Using AI tools, our platform uses customer data to generate smart “synthetic datasets” that look and act just like real data but contain zero personal or identifiable information. An easy way to visualise this is by looking at Nvidia’s This Person Does Not Exist. The webpage uses a machine learning technique called generative adversarial networks (GANs), which are trained on a dataset of real celebrity faces to produce hyper-realistic images of people who don’t exist.

This is, in essence, visual synthetic data.

When we apply GANs and similar technology to sensitive data (e.g. payments, transaction history, credit card details), organisations can then use new synthetic datasets for advanced machine learning without having to worry about data privacy.

Where are you at right now?

We raised $2.8 million in seed funding last year, which we used to develop and launch our current synthetic data solution. We are now working with a number of banks and financial institutions, including Nationwide.

What are your aims for the next year?

Over the next 12 months, we’ll be looking to onboard more customers in both the financial sector as well as the many other industries in which sensitive data should now be treated ethically and responsibly. We are also looking towards our next funding round, which should happen in the near future.

What’s been the hardest thing about getting Hazy off the ground?

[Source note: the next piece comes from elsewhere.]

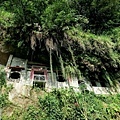 20180409_231.jpg
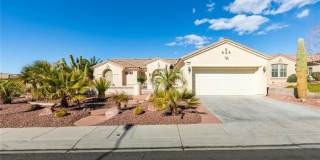 1699 Rockcrest Hills Avenue Gallery 1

One of the difficulties we faced early on was based around the data privacy technology itself.

Initially, we were looking to use a combination of machine learning-assisted masking techniques to anonymise datasets, but we also had concerns that individuals within these datasets could be re-identified through increasingly popular hacking practises, like linkage attacks.

With this in mind, we pivoted towards synthetic data generation. Technically, synthetic data is a subset of anonymisation – but unlike traditional anonymisation (which has come under fire recently), individuals cannot be re-identified in synthetic datasets.

Why should more people be using Hazy?

Over the past couple of years, there has been a seismic cultural shift around data. Consumer awareness of data privacy is at an all-time high; and we’ve already seen fines of more than $100 million for companies found in breach of GDPR.

Despite this, organisations shouldn’t be afraid of using their data for advanced machine learning. Instead of locking their customer data up and severely restricting who has access to it, they should generate synthetic datasets and work from these instead. This way, companies are free to innovate with zero privacy risk.

Why is Hazy worth the investment?

The cost of privacy-enhancing technology is always going to be significantly less than the financial repercussions of being found in breach of data regulation, even before you consider the damage that this will do to your brand’s reputation.

While it’s essential that companies are able to utilise their customer data, it is equally important that this data is handled responsibly.